Prompt
Please keep pictures out of the copy, and print exactly the lines from the one containing "48 Pointe Rok Dr #48, Worcester, MA 01604" through the end of the records.
[[ Records provided, beginning ]]
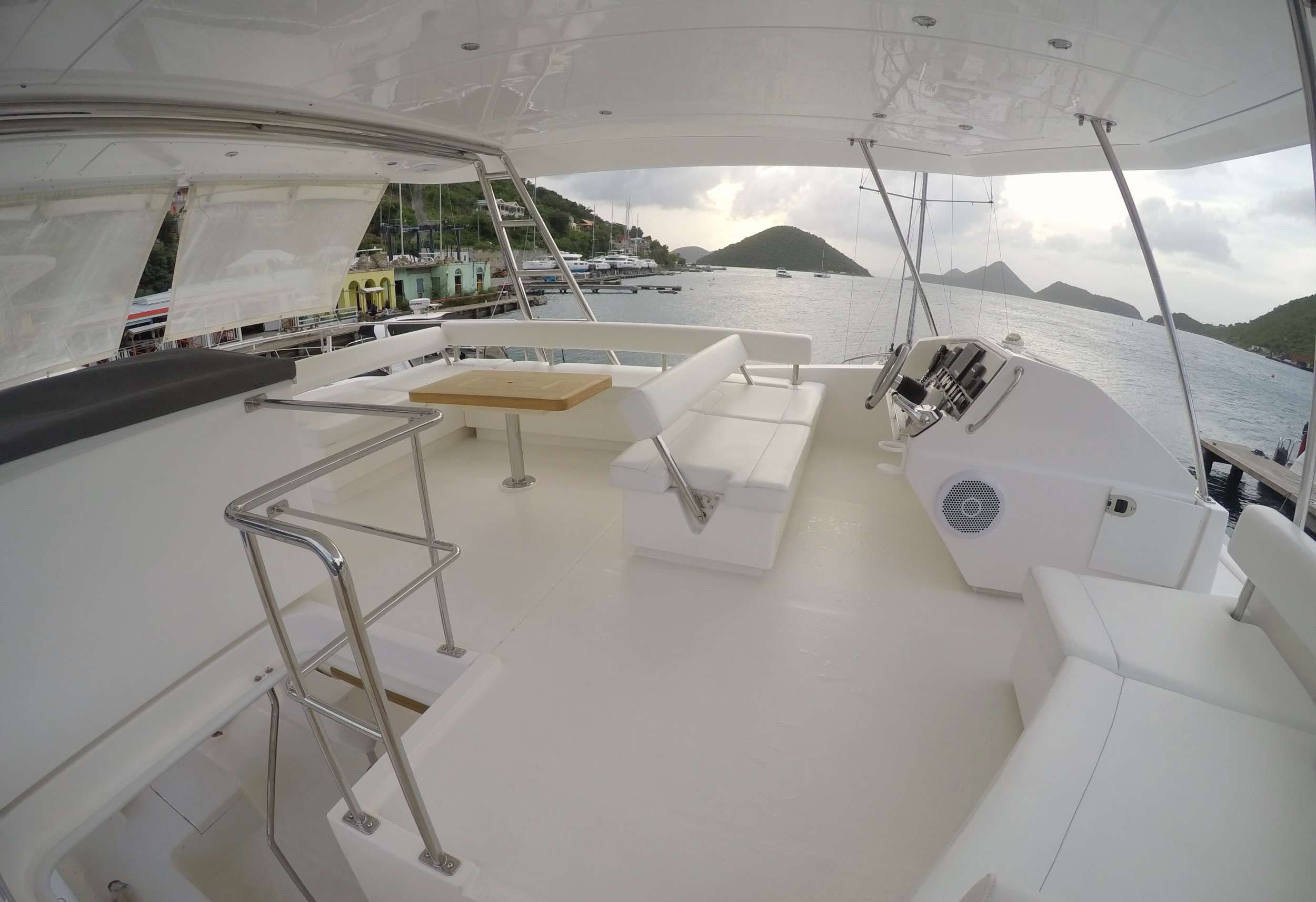 Flybridge and helm station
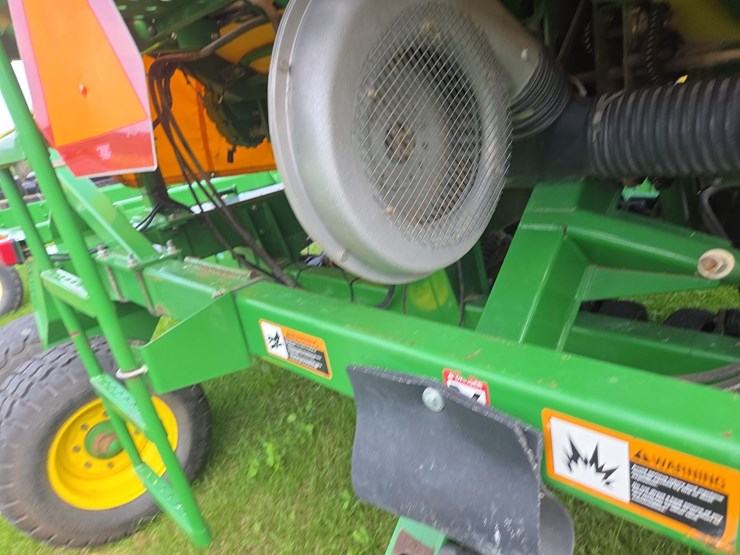 john-deere-1690-image-24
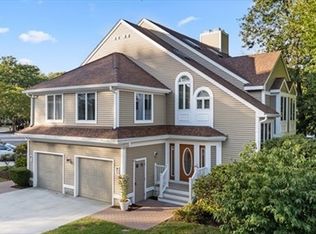 48 Pointe Rok Dr #48, Worcester, MA 01604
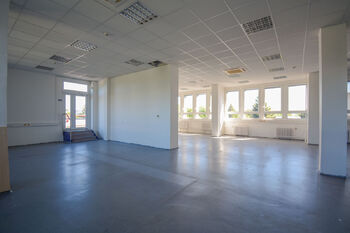 Pronájem kancelářských prostor 171 m², Hradec Králové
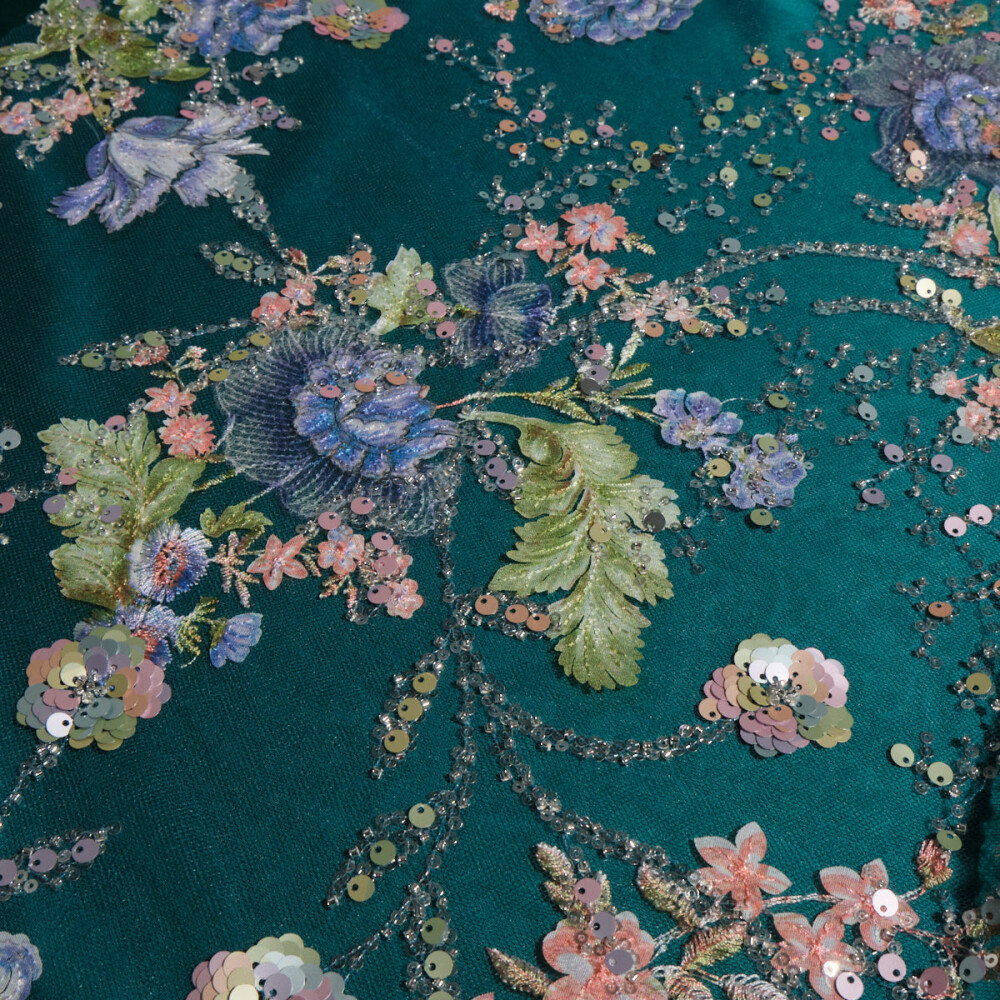 Dantela accesorizata cu motive florale pe tul turcoaz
[[ Records provided, end ]]
Written solution
 48 Pointe Rok Dr #48, Worcester, MA 01604
 Pronájem kancelářských prostor 171 m², Hradec Králové
 Dantela accesorizata cu motive florale pe tul turcoaz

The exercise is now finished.